DATA PROVIDED —

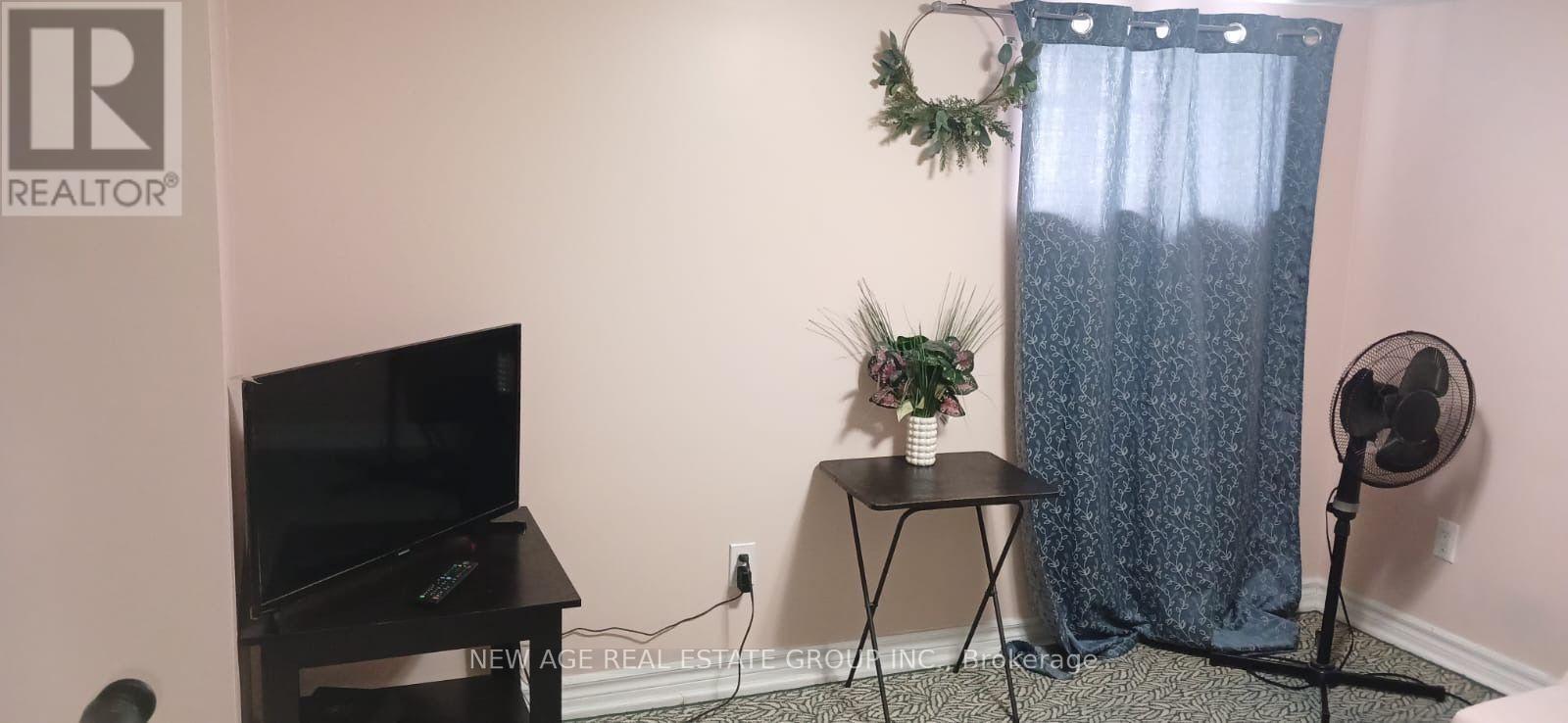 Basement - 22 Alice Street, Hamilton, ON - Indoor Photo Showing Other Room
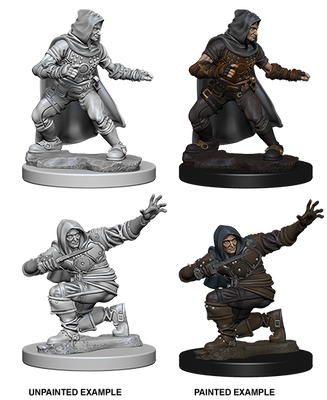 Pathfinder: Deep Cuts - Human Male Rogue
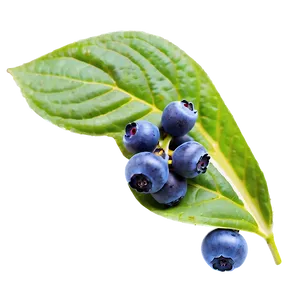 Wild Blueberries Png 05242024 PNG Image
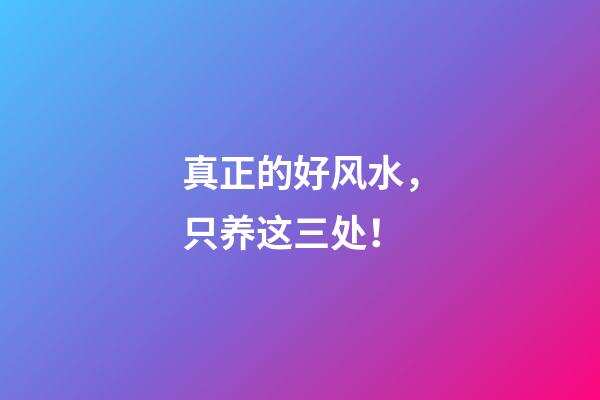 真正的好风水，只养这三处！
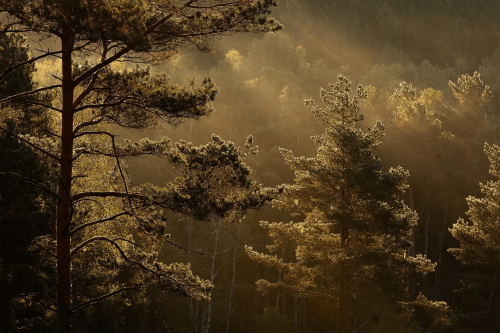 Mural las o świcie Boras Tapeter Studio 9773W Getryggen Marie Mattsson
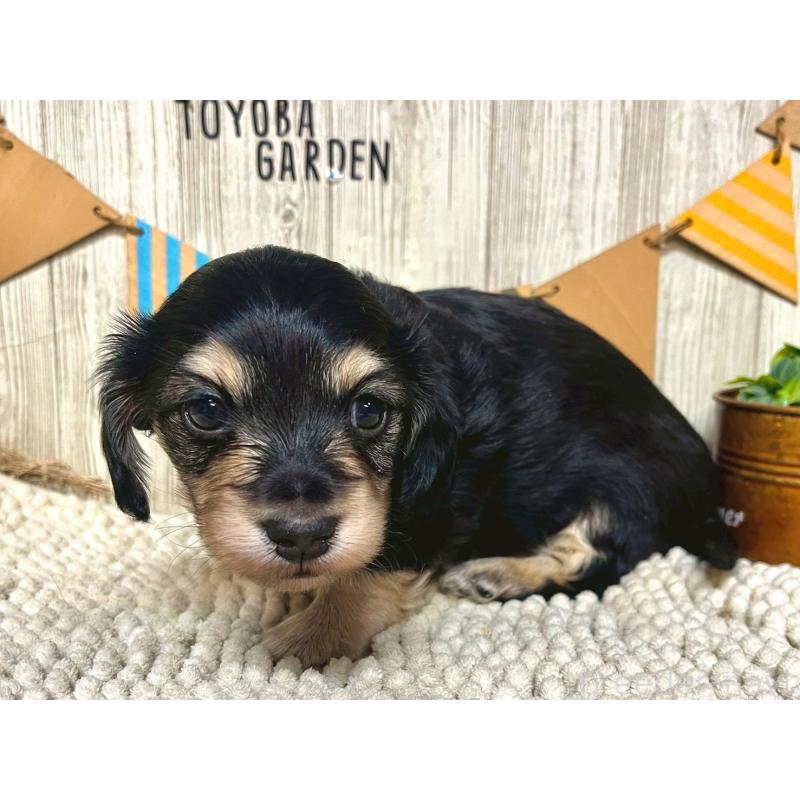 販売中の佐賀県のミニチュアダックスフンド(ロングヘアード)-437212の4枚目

TASK INSTRUCTIONS — The answer should contain all the material above, copied exactly, and no images.

TASK RESPONSE —
 Basement - 22 Alice Street, Hamilton, ON - Indoor Photo Showing Other Room
 Pathfinder: Deep Cuts - Human Male Rogue
 Wild Blueberries Png 05242024 PNG Image
 真正的好风水，只养这三处！
 Mural las o świcie Boras Tapeter Studio 9773W Getryggen Marie Mattsson
 販売中の佐賀県のミニチュアダックスフンド(ロングヘアード)-437212の4枚目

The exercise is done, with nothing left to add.